* **MATERIAL TO PROCESS**
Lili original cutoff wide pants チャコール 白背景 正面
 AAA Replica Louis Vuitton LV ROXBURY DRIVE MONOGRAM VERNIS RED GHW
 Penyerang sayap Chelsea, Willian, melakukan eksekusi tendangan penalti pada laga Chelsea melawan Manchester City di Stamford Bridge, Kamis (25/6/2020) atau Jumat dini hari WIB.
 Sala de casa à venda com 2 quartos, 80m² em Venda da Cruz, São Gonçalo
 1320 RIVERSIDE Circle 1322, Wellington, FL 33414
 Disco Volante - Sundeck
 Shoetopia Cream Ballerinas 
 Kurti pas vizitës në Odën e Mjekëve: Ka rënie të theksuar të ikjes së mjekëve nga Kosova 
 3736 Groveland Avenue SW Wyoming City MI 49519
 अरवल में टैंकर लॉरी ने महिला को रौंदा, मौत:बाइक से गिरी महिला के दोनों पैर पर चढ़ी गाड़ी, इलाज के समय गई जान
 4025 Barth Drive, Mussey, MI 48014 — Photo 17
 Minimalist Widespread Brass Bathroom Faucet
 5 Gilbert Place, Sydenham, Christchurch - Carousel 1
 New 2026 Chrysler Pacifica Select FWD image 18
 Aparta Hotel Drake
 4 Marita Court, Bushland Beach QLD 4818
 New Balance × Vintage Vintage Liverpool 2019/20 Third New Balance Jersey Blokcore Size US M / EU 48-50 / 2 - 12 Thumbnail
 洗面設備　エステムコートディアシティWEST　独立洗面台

* **PROBLEM REQUIREMENTS**
Write out the material from the first line to the last, exactly.

* **FINISHED EXERCISE**
Lili original cutoff wide pants チャコール 白背景 正面
 AAA Replica Louis Vuitton LV ROXBURY DRIVE MONOGRAM VERNIS RED GHW
 Penyerang sayap Chelsea, Willian, melakukan eksekusi tendangan penalti pada laga Chelsea melawan Manchester City di Stamford Bridge, Kamis (25/6/2020) atau Jumat dini hari WIB.
 Sala de casa à venda com 2 quartos, 80m² em Venda da Cruz, São Gonçalo
 1320 RIVERSIDE Circle 1322, Wellington, FL 33414
 Disco Volante - Sundeck
 Shoetopia Cream Ballerinas 
 Kurti pas vizitës në Odën e Mjekëve: Ka rënie të theksuar të ikjes së mjekëve nga Kosova 
 3736 Groveland Avenue SW Wyoming City MI 49519
 अरवल में टैंकर लॉरी ने महिला को रौंदा, मौत:बाइक से गिरी महिला के दोनों पैर पर चढ़ी गाड़ी, इलाज के समय गई जान
 4025 Barth Drive, Mussey, MI 48014 — Photo 17
 Minimalist Widespread Brass Bathroom Faucet
 5 Gilbert Place, Sydenham, Christchurch - Carousel 1
 New 2026 Chrysler Pacifica Select FWD image 18
 Aparta Hotel Drake
 4 Marita Court, Bushland Beach QLD 4818
 New Balance × Vintage Vintage Liverpool 2019/20 Third New Balance Jersey Blokcore Size US M / EU 48-50 / 2 - 12 Thumbnail
 洗面設備　エステムコートディアシティWEST　独立洗面台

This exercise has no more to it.